**WORK INSTRUCTION**. Return nothing but the lines from the line with "Milk glassの写真素材" through the last line of the entries that follow, copied exactly and free of pictures.

**RECORD EXTRACTS**.
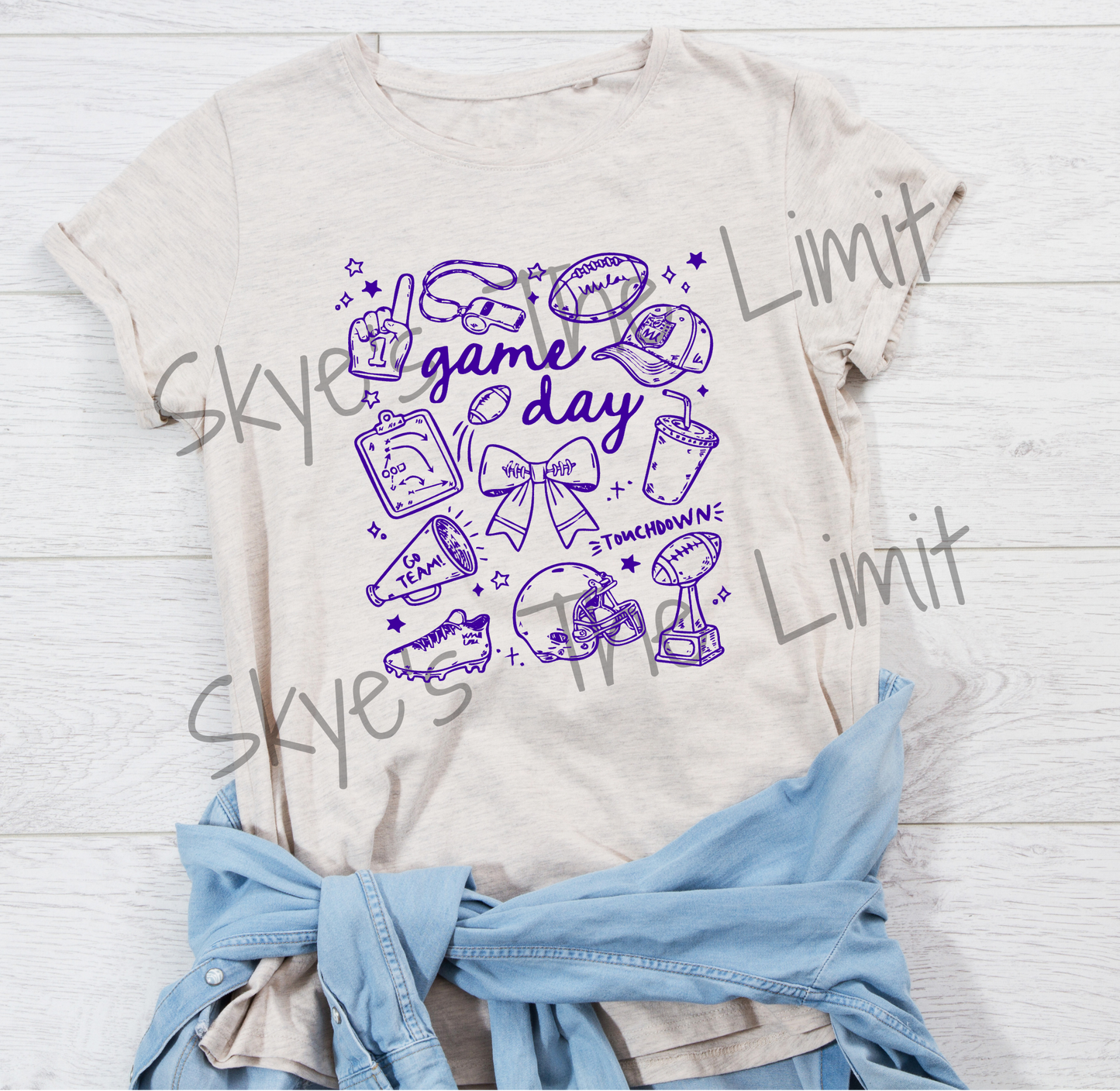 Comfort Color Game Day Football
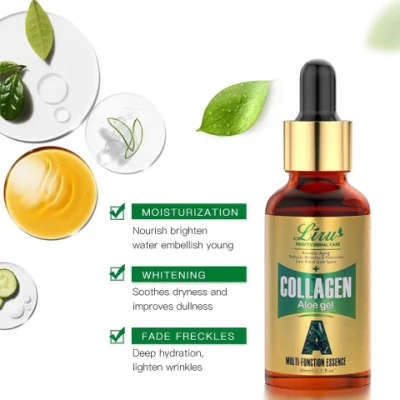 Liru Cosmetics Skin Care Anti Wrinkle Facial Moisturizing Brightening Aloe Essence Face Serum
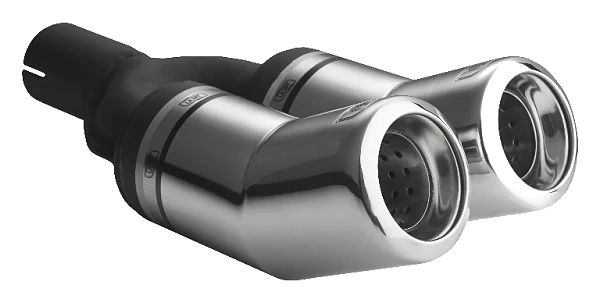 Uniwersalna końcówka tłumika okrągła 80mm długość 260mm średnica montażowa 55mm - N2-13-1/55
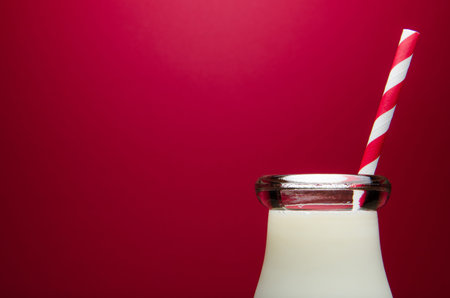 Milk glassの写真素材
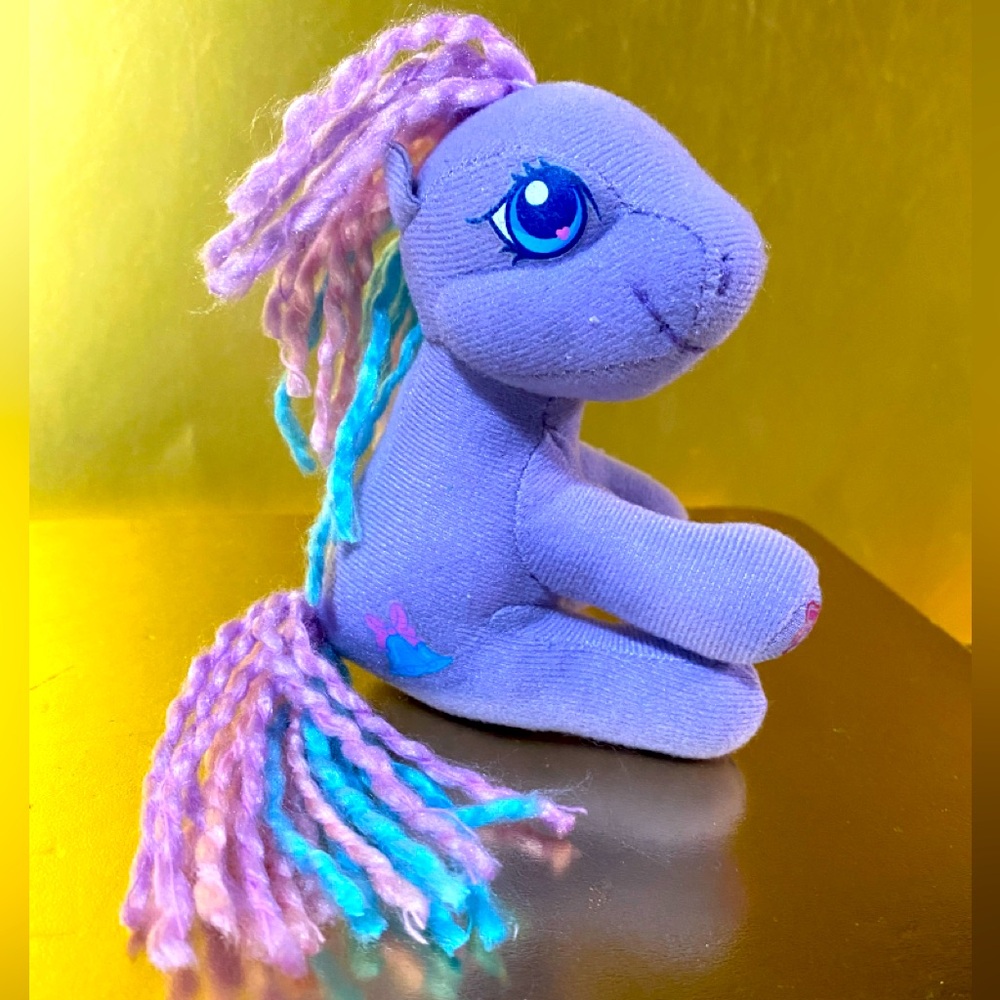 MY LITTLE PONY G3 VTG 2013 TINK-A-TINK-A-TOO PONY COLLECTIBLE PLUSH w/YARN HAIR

**RESULT OF THE TASK**.
 Milk glassの写真素材
 MY LITTLE PONY G3 VTG 2013 TINK-A-TINK-A-TOO PONY COLLECTIBLE PLUSH w/YARN HAIR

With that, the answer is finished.